In this article, we’ll take a first look at one of these systems: PenApps from Slate Corp. We’ll also examine The Rogue PenApps Workbook, an innovative tutorial from Young Ideas, a Sausalito CA software developer which can help beginning to intermediate programmers come up to speed in this new environment.

PenApps is MultiPlatform

Slate Corp.’s PenApps has been available to programmers since March 1991 when it was first released for PenPoint, even before PenPoint 1.0 was officially released. One of the most appealing features of PenApps is its availability on both major pen-based environments, PenPoint and Pen Windows.

On either platform, PenApps presents a comfortable and intuitive visual development model.

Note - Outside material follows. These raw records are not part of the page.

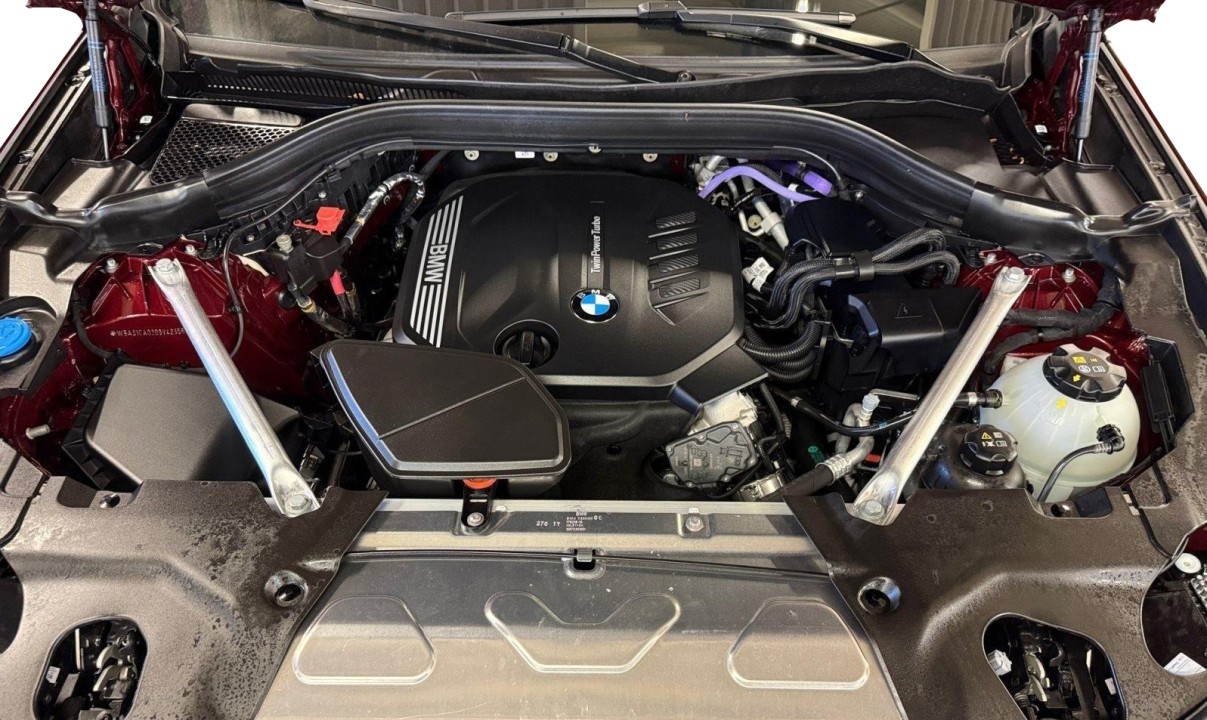 BMW X4 xDrive20d - foto 11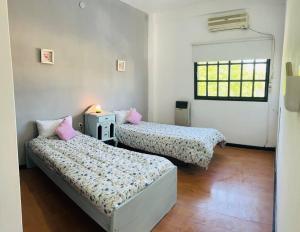 a bedroom with two beds and a window at Encantador departamento en Capital Federal con patio in Buenos Aires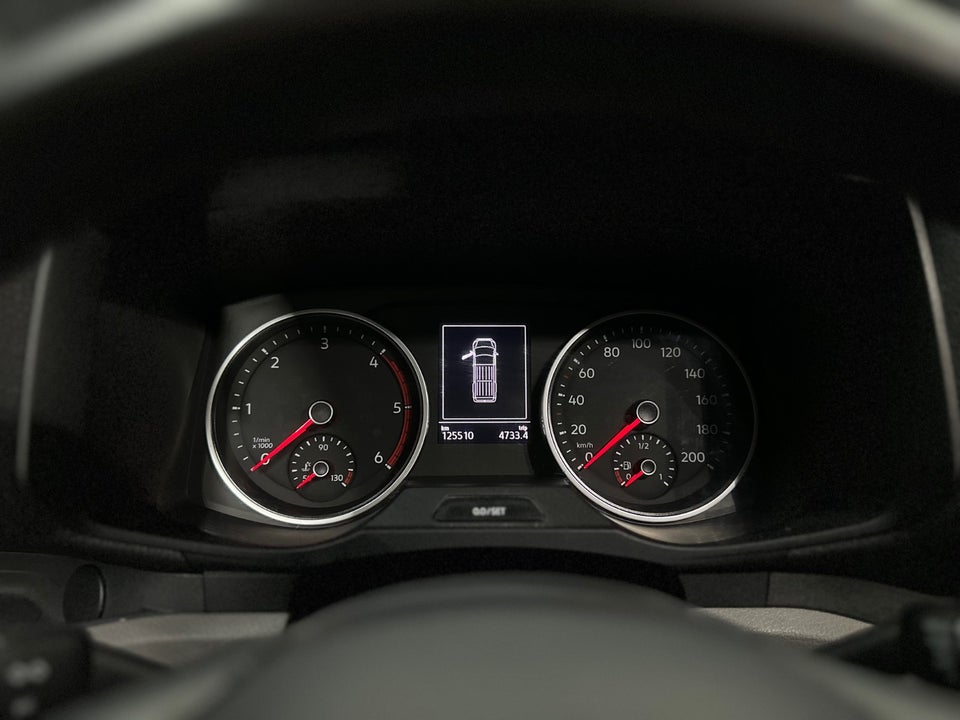 VW Crafter 35 2,0 TDi 177 Kassevogn L3H3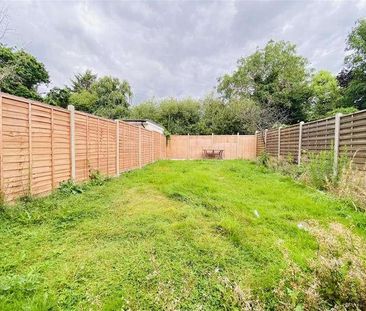 Fully Renovated Double Bedroom House In Edgware, HA8 - Photo 2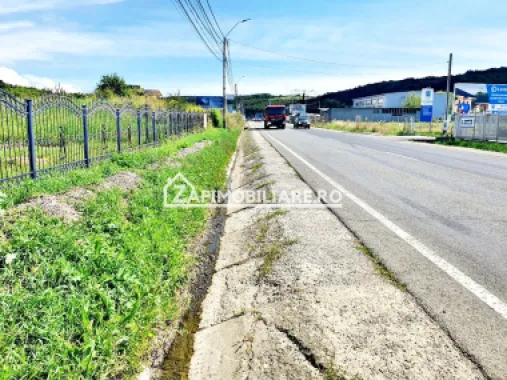 Teren intravilan 3.000 mp.cu deschidere de 40 m la E60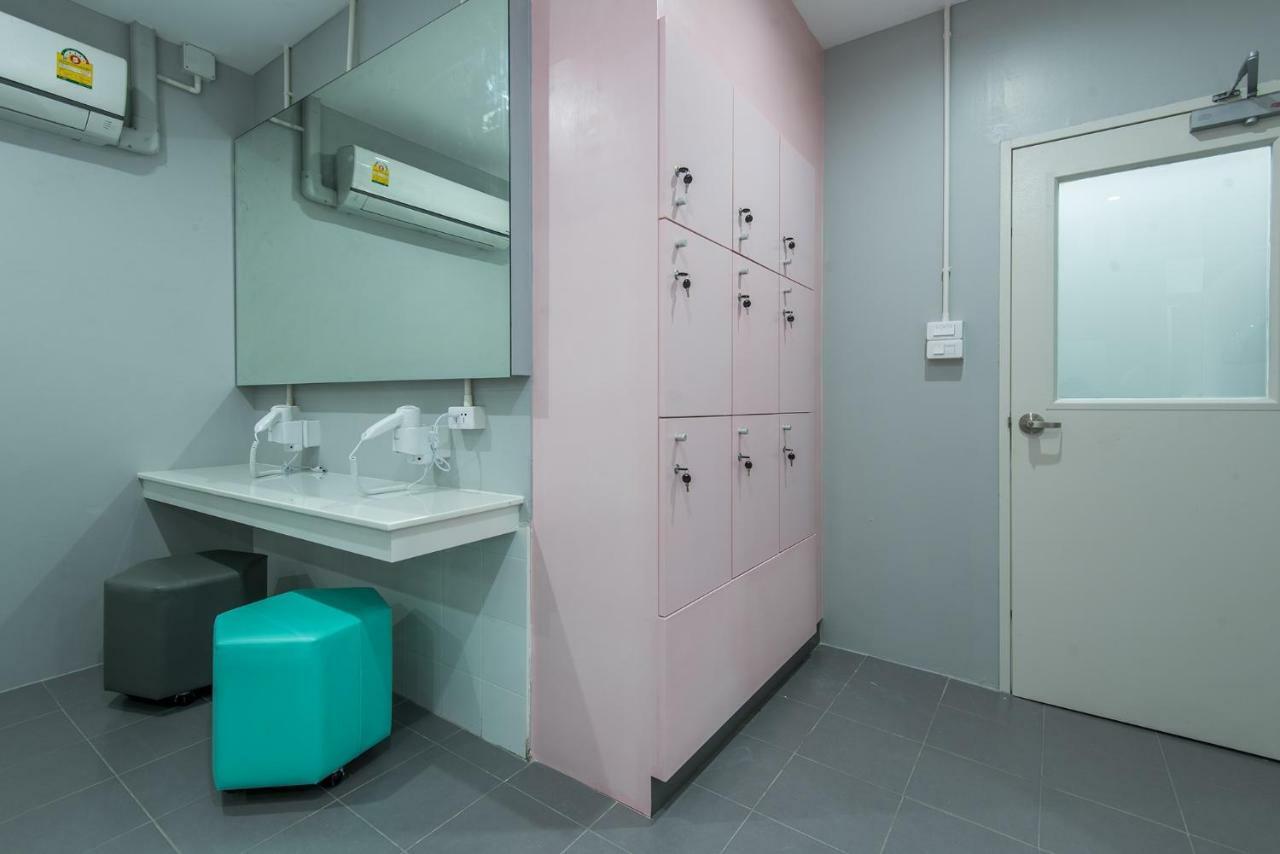 Siam Stadium Hostel Bangkok Luaran gambar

Developing applications consists of two steps: constructing the user interface by sketching out the forms and dialog boxes that make up the application, and supplying the code that responds to user and program-driven events. As with most visual development tools, PenApps is event-driven, requiring code to instruct the program on how to respond to a user’s action.

Starting from the TRS-80 and Apple II, BASIC has formed the core of many interpretive development systems. Recently, Microsoft created an exciting interactive environment in their flagship Visual Basic, portions of which were developed by Cooper Software. So it seems only natural that PenApps would also use a dialect of BASIC appropriately called Slate PenBasic. Using this language, a developer writes the code which defines the behavior of the objects (buttons and fields) that make up an application.

In the past, PenApps has also one-upped its most visible competitor by including a high-performance database engine in the system. Microsoft has recently remedied this highly-visible shortcoming by adding its own database in the 3.0 version of Visual Basic.

My first impressions are that PenApps should prove to be useful for creating both proof-of-concept applications along with certain limited-distribution commercial programs. However, the true strength of these environments lies in its interpretive development model, which enables programmers to learn the system through experimentation and also develop applications through a series of rapid prototyping and refining.

When used like this, PenApps will probably find its home with in-house vertical application developers at companies of all sizes. Companies are always looking for ways to leverage their most expensive resource — their human talent — and are expecting the development system itself to help reduce both the learning and the development cycles for these risky new pen-based applications.

Built-in Pencentricity

Slate has properly recognized that much of the risk of developing new mobile systems centers around the relative inexperience that many developers have with these new pen-based systems, doubly so when they also have to learn a complex new environment like PenPoint or Windows. Slate hopes to help developers in both camps by encoding as much of an application’s pencentricity within PenApps itself. This should reduce the burden on the developers, enabling them to concentrate on solving the problem at hand. At first glance, PenApps seems to have the muscle to deliver on these expectations.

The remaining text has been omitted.